As we pass by people—parking lot attendants, ticket takers, ushers—he lays on the charm.  Everyone is his friend. To the rest of the world he is a glowing beacon of charisma, a shining flame to their moth minds. To me he is the man who is always looking down.
I know the top of my father’s head like the back of my hand. If he’s not angrily replying to messages he’s studying news feeds for things to disagree with or laughing at things he won’t show me. His phone is his connection to the world, and with it in hand he is disconnected from me, right next to him, and I have to pee.
“What’s that?” he asks, dragged from his electronic world into reality by my squeaky pleas. He begrudgingly takes me back up the steps to the restroom, waiting outside the door and staring at his phone. When I’m done, we retake our seats. He got us good seats, right behind the home team’s dugout. He tells me they are good seats, and then he bows his head and disappears from everything again.
I don’t even like baseball. I only go because it’s the only time he will spend time with me. Even in this he fails, though, because what is meant to be a bonding exercise becomes something else entirely. Determined to get some benefit from the day I study the field, the players moving in syncopated rhythm with the antics of the ball. I see the effort they put into every movement. I see how much they want to be there on the field, and I find inspiration in it. Now I want to be there, even if my father does not.
“Can I have funnel cake?” I ask at the bottom of the fifth. I am hopeful. I have been good and not bothered him.
“It’s bad for your teeth. And you’ll ruin your dinner,” he answers, and then he is gone, again.
Disappointed, I return to the game. I feel the fever of the crowd, hoping for victory. I desperately want that victory. With each pitch I hold my breath. Every fly ball I watch, hoping they will drop it, or we will catch it. I am one of the team now, joining in their movements, shifting in my chair.

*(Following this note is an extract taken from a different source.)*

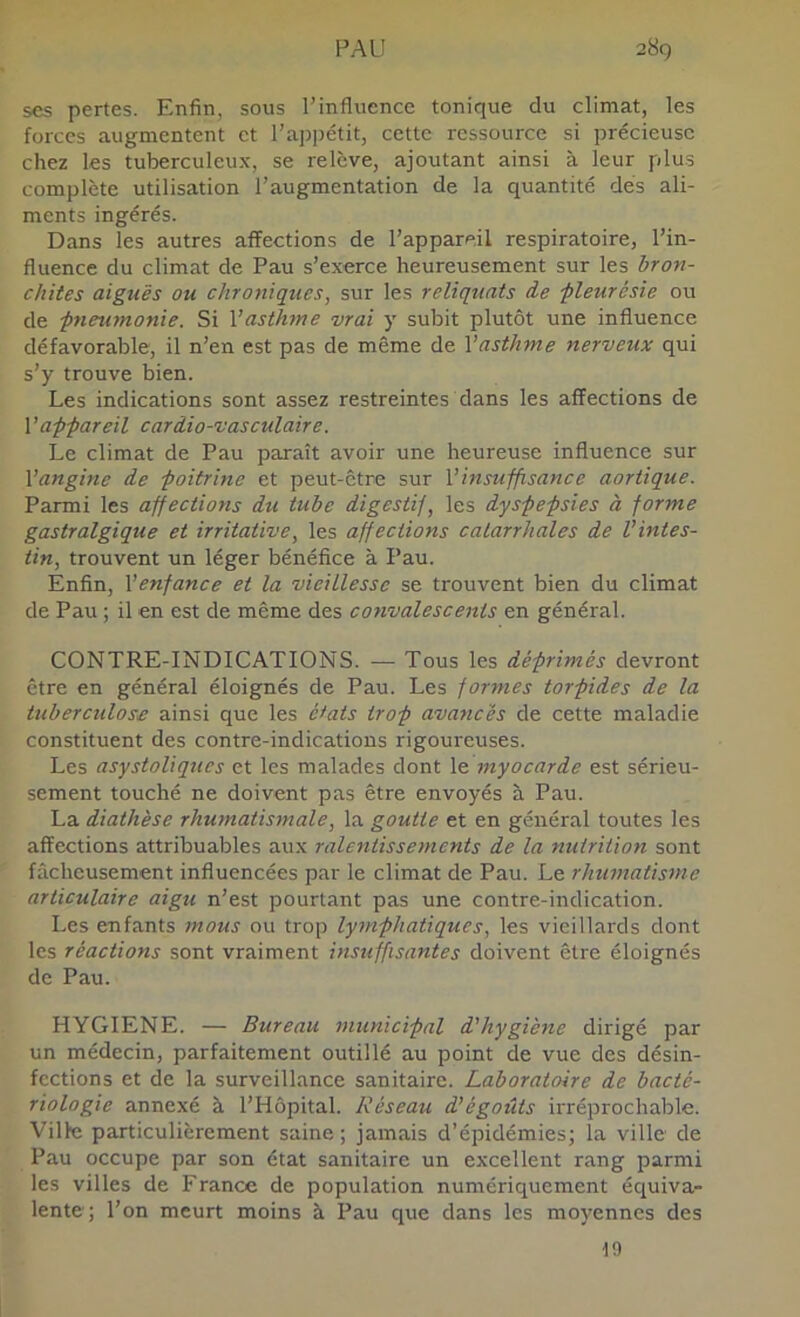 ses pertes. Enfin, sous l’influence tonique du climat, les forces augmentent et l’ajjpétit, cette ressource si précieuse chez les tuberculeux, se relève, ajoutant ainsi à leur plus complète utilisation l’augmentation de la quantité dés ali- ments ingérés. Dans les autres affections de l’appareil respiratoire, l’in- fluence du climat de Pau s’exerce heureusement sur les bron- chites aiguës ou chroniques, sur les reliquats de -pleurésie ou de pneumonie. Si Vasthme vrai y subit plutôt une influence défavorable, il n’en est pas de même de Vasthme nerveux qui s’y trouve bien. Les indications sont assez restreintes dans les affections de Vappareil cardia-vasculaire. Le climat de Pau paraît avoir une heureuse influence sur Vangine de poitrine et peut-être sur Vinsuffisance aortique. Parmi les affections du tube digestif, les dyspepsies à forme gastralgique et irritative, les affections catarrhales de Vintes- tin, trouvent un léger bénéfice à Pau. Enfin, Venfance et la vieillesse se trouvent bien du climat de Pau ; il en est de même des convalescents en général. CONTRE-INDICATIONS. — Tous les déprimés devront être en général éloignés de Pau. Les formes torpides de la tuberculose ainsi que les é*ats trop avancés de cette maladie constituent des contre-indications rigoureuses. Les asystoliqucs et les malades dont \ç. myocarde est sérieu- sement touché ne doivent pas être envoyés à Pau. La diathèse rhumatismale, la goutte et en général toutes les affections attribuables aux ralentissements de la nutrition sont fâcheusement influencées par le climat de Pau. Le rhumatisme articulaire aigu n’est pourtant pas une contre-indication. Les enfants mous ou trop lymphatiques, les vieillards dont les réactions sont vraiment insuffisantes doivent être éloignés de Pau. HYGIENE. — Bureau municipal d'hygiène dirigé par un médecin, parfaitement outillé au point de vue des désin- fections et de la surveillance sanitaire. Laboratoire de bacté- riologie annexé à l’Hôpital. Réseau d'égoûts irréprochable. Ville particulièrement saine ; jamais d’épidémies; la ville de Pau occupe par son état sanitaire un excellent rang parmi les villes de France de population numériquement équiva- lente; l’on meurt moins à Pau que dans les moyennes des 19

The game is almost over. My team is down by one. The other team is likely done, their chances of advancing further ruined by a captured pop fly. We are at bat. We can do this!
“Let’s go,” he says, “I want to get ahead of the traffic.”
How can he do this to me? Can’t he see that it’s all down to this? If we score two runs the day isn’t a loss after all. We can’t leave now! I have to see it!
He stands and gestures for me to stand with him. The crowd gasps and I feel like they are on my side, defiant of the man who wants to ruin the only good thing coming. The crowd points, and I look to where they are pointing.
My father, impatient to leave, looks up quickly to see what has caught my attention, so he can dismiss it. He chooses the absolute worst moment to look up.
A shower of blood rains down as the foul ball hits him square in the nose. I hear the sickening crunch of demolished cartilage and see him fall backwards clutching his face, his phone abandoned as his senses reel.
Then there are people all around us, scrambling to grab the ball. I reach down and pick up his phone, tucking it in my pocket so it doesn’t get crushed. The ball is found and the crowd disperses, leaving the two of us alone for a few seconds before the medics pull us away. My father is looking for his phone.
In the medical office I happily eat the funnel cake a nice man brought for me. My father complains, and I reach into my pocket to retrieve his phone, handing it to him and smiling to myself as I see the spiderweb of cracks that cross its cursed surface.